For a while now, I’ve seen the term MVVM being used in the iOS world. At first I dismissed it since it wasn’t really popular and it reminded me of C# world, which I tend to dislike. But then it started to get a bit more popular so I took a very brief glance at it and didn’t quite get the point.

What I saw was that people were combining it with ReactiveCocoa and/or treating ViewModels as dumb objects holding transformed data from a Model, for a View to consume. I ignored the ReactiveCocoa part since I wasn’t familiar with it (still know just a bit about it).

So based on my observation, it lead me to think: “Why are people bragging about it? They’re just adding a new layer to further separate concerns. Big deal.”.

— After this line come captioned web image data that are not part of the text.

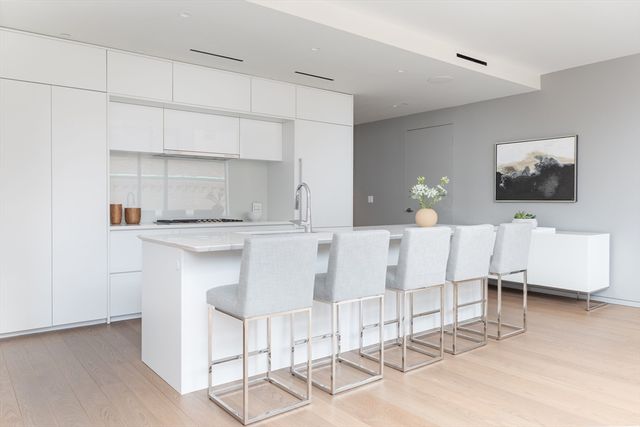 10 Farnsworth 3A, Boston, MA 02210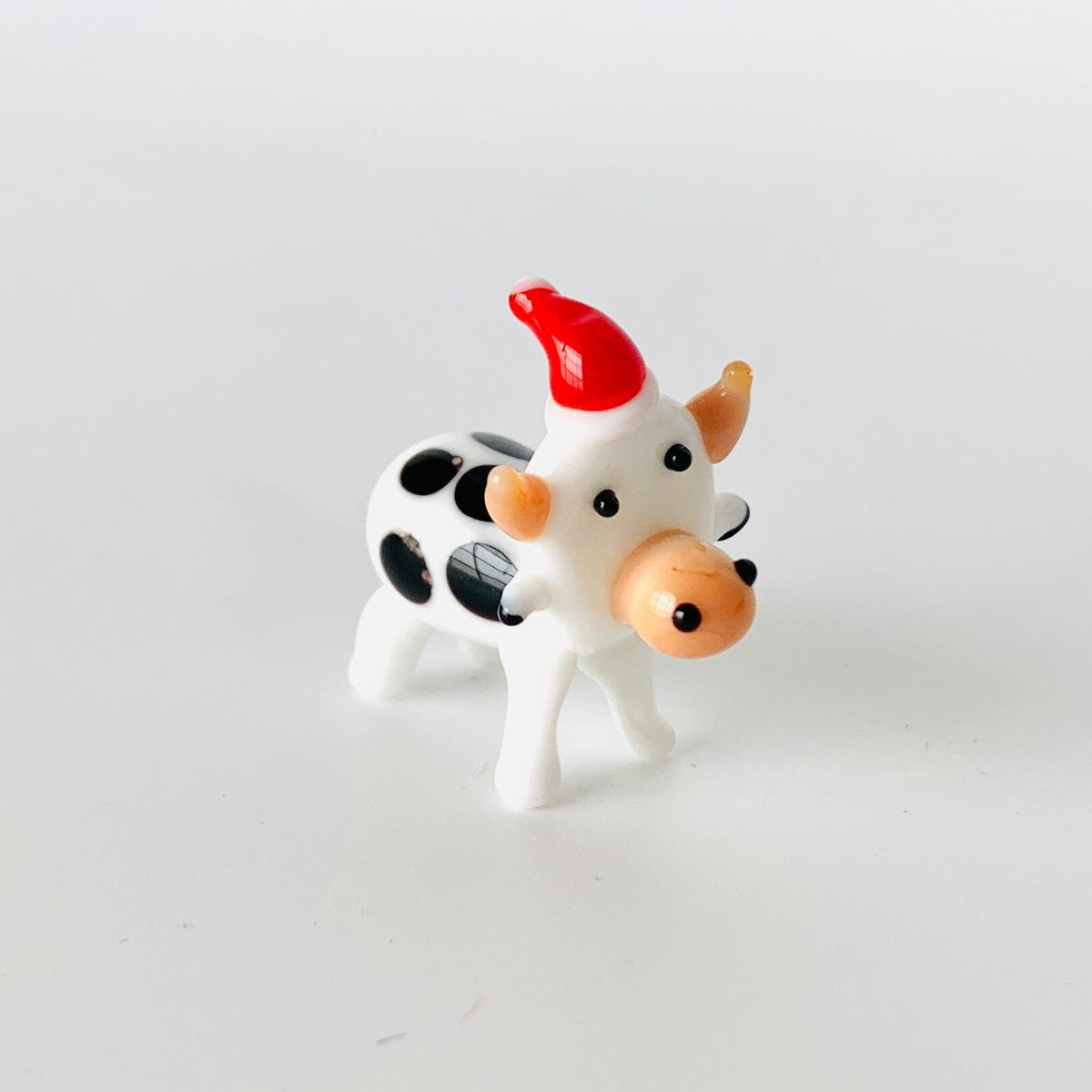 Tiny Glass Santa Cow Miniature GANZ 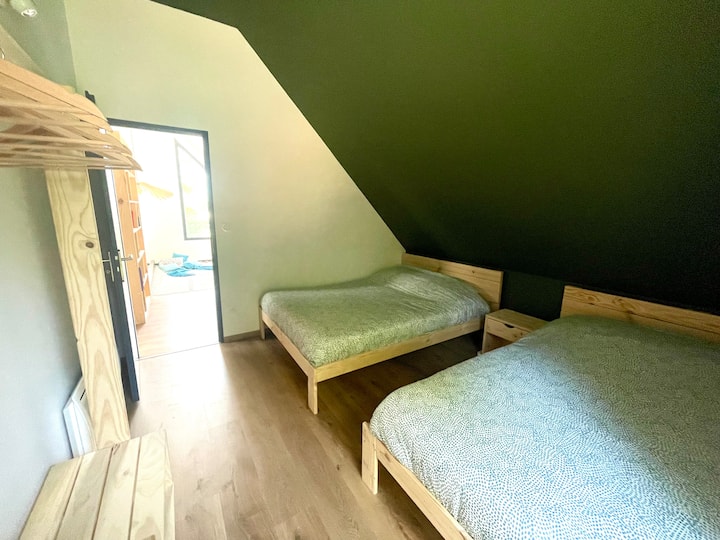 Bedroom 2 - 2 beds in 140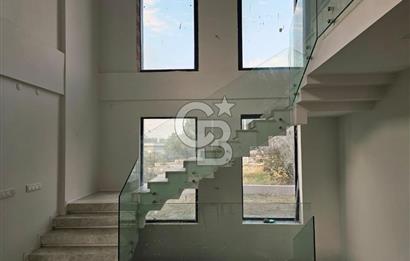 GÜZELBAHÇE KOLEJLER BÖLGESİNDE KİRALIK VİLLA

However, a few days ago I was listening to Build Phase and MVVM was brought up again. I can’t remember what exactly was said, but it triggered the need to reasearch this again and see what was the big deal about it. And so I did.

Warnings

Before proceding, here’s a few warnings:

  • I am not in favor or against MVVM. I really have no opinion on the pattern itself.
  • I have no experience using MVVM.
  • I have close to no experince with .NET platforms.
  • I only spent a couple of days researching this.

The Investigation

With that said, I think we need to start with listing how develpers pitch a given pattern on a given platform/context.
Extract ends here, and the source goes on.